[Start of section]

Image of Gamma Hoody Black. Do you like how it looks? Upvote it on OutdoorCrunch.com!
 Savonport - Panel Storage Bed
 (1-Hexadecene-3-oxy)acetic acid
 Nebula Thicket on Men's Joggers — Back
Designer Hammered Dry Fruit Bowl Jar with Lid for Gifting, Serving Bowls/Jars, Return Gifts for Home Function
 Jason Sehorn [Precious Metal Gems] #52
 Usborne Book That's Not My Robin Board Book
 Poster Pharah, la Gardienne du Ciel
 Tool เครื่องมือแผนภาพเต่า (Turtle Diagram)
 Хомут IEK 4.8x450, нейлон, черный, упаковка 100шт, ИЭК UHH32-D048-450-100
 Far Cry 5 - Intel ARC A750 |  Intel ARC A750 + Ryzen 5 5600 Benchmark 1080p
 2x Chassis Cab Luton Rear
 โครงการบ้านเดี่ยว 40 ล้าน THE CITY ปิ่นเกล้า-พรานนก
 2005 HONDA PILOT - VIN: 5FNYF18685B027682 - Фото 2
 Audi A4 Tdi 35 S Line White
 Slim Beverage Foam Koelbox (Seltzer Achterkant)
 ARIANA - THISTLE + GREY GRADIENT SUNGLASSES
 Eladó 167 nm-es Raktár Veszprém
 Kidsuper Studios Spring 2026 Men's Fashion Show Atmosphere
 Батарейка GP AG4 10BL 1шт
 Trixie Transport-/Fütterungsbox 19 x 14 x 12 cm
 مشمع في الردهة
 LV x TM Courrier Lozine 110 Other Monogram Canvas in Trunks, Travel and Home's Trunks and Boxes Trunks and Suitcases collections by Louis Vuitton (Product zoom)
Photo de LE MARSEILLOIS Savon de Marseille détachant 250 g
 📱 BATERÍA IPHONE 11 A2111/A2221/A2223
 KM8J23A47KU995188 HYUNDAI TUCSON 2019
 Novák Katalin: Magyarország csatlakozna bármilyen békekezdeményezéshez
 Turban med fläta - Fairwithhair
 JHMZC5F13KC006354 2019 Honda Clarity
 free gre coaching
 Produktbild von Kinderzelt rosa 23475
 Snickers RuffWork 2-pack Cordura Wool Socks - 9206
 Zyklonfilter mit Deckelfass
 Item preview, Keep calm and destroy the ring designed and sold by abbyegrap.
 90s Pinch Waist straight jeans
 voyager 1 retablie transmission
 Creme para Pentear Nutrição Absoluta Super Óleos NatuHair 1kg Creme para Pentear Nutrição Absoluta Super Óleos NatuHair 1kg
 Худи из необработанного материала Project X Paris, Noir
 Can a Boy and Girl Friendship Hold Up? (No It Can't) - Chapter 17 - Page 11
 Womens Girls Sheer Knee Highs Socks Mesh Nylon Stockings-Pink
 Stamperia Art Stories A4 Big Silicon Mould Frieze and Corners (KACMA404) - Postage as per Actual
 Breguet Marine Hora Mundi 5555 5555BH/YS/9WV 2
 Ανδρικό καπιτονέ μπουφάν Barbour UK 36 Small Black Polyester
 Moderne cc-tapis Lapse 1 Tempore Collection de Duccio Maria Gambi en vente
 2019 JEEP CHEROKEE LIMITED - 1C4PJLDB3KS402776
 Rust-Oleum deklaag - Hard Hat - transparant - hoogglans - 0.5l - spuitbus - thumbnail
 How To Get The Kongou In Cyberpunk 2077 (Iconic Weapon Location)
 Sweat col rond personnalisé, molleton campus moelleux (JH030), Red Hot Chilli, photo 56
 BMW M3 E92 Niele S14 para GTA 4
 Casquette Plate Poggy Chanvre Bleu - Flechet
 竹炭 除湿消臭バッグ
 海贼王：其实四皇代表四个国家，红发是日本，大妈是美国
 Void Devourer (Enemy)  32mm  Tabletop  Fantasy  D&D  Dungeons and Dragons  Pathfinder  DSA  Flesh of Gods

[End of section]

→ **Assignment**: Everything from the line containing "Худи из необработанного" through the last line of the records must be given again exactly; leave out all other lines.

→ **Exercise answer**:
 Худи из необработанного материала Project X Paris, Noir
 Can a Boy and Girl Friendship Hold Up? (No It Can't) - Chapter 17 - Page 11
 Womens Girls Sheer Knee Highs Socks Mesh Nylon Stockings-Pink
 Stamperia Art Stories A4 Big Silicon Mould Frieze and Corners (KACMA404) - Postage as per Actual
 Breguet Marine Hora Mundi 5555 5555BH/YS/9WV 2
 Ανδρικό καπιτονέ μπουφάν Barbour UK 36 Small Black Polyester
 Moderne cc-tapis Lapse 1 Tempore Collection de Duccio Maria Gambi en vente
 2019 JEEP CHEROKEE LIMITED - 1C4PJLDB3KS402776
 Rust-Oleum deklaag - Hard Hat - transparant - hoogglans - 0.5l - spuitbus - thumbnail
 How To Get The Kongou In Cyberpunk 2077 (Iconic Weapon Location)
 Sweat col rond personnalisé, molleton campus moelleux (JH030), Red Hot Chilli, photo 56
 BMW M3 E92 Niele S14 para GTA 4
 Casquette Plate Poggy Chanvre Bleu - Flechet
 竹炭 除湿消臭バッグ
 海贼王：其实四皇代表四个国家，红发是日本，大妈是美国
 Void Devourer (Enemy)  32mm  Tabletop  Fantasy  D&D  Dungeons and Dragons  Pathfinder  DSA  Flesh of Gods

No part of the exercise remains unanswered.